It turns out however, that a company called Walid (later renamed to IDN Technologies) claims to own the technology required for supporting non-ASCII7 names. Danish article in ComputerWorld [computerworld.dk]
Walid has 3 years ago told IETF that "WALID is prepared to make available, upon written request, a non-exclusive license under reasonable and non-discriminatory terms and conditions, based on the principle of reciprocity".
The operative word being "reciprocity" meaning that all companies using Walid's technology (i.e. that have non-English letters in their name) should give Walid access to all patents they may hold.
Now it's up to the Danish courts to see if the claims of Walid are valid.
Danish article about the Walid case [softwarepatenter.dk]
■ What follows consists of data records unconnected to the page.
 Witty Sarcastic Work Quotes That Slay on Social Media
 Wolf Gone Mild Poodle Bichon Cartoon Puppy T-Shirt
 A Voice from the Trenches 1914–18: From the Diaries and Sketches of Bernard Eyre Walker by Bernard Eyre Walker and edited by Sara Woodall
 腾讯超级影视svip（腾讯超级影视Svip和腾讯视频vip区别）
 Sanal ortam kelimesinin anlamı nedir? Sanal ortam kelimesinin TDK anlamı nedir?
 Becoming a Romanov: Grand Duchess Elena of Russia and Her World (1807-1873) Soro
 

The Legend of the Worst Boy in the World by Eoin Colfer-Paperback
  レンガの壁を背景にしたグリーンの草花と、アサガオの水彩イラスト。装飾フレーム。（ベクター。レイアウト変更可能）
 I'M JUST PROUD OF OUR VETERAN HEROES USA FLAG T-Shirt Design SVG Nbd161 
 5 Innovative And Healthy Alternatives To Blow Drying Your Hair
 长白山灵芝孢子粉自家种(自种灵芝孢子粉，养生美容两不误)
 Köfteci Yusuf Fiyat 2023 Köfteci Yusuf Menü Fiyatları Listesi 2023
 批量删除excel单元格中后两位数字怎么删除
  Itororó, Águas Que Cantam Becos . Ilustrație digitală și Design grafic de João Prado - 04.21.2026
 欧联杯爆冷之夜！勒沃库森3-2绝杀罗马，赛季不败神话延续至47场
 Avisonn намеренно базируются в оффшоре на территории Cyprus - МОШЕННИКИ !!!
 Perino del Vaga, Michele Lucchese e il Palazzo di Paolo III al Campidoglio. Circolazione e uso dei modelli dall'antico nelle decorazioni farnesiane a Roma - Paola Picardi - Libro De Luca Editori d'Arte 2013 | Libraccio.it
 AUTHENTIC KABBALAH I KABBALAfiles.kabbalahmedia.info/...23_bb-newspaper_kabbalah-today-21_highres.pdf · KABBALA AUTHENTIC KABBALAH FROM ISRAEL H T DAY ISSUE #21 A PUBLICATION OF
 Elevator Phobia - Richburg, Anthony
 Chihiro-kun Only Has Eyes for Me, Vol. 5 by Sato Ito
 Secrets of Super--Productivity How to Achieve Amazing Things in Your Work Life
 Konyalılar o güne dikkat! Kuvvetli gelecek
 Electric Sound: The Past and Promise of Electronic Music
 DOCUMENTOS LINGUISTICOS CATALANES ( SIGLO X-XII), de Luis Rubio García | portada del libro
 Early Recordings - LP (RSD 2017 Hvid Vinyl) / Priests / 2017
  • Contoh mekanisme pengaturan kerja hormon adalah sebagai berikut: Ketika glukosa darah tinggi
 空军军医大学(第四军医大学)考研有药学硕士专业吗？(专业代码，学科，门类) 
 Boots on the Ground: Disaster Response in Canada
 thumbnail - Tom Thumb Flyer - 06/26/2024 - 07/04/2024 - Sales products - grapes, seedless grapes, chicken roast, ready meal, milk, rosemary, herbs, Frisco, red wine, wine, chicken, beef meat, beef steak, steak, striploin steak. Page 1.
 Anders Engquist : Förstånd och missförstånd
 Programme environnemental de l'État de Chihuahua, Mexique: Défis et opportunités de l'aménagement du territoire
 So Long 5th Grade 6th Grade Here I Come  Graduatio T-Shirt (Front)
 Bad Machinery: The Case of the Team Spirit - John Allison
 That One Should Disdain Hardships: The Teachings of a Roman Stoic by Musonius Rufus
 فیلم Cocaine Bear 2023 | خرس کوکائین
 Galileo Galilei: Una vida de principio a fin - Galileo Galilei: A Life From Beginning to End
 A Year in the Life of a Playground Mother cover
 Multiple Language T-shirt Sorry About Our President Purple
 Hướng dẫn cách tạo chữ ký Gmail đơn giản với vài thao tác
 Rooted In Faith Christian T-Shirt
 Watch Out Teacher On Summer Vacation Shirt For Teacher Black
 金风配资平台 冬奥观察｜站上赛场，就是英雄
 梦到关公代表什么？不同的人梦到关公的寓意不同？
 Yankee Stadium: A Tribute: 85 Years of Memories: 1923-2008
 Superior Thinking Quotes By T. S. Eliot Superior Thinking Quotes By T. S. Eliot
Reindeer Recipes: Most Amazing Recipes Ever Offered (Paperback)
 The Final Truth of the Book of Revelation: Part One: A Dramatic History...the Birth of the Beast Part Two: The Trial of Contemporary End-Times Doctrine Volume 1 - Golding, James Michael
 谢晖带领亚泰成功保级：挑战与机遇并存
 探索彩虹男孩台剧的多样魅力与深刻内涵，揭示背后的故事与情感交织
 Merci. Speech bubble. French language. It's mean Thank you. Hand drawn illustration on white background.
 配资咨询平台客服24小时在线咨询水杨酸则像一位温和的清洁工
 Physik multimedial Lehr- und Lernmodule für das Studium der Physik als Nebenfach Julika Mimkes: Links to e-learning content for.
Is Walid a Danish Company?
They are located in Ann Arbor, MI 48104.
That's the part that annoys me: They speak of "names and addresses with foreign, non-English characters." I don't want a "foreign" name - I want my own name (Hagstrøm).
If not, they stand no chance...
>www.æøå.dk
See, I just tried that, but my browser is not configured right to resolve that. Methinks a lot of other peoples browsers don't support that in default mode.
We'll see..
Take a look at [xn--5cab8c.dk...] which is what the DNS record for [æøå.dk...] ought to be translated to in the browser. IE 5.2 on Mac OS X ie. can't handle the æøå-form but has no problem with the xn-form.
Mozilla on Mac (and by extension then all Gecko-based browsers) has no problems at all with IDNa. Apples own Safari 1.0 v85.5 can't handle IDNa.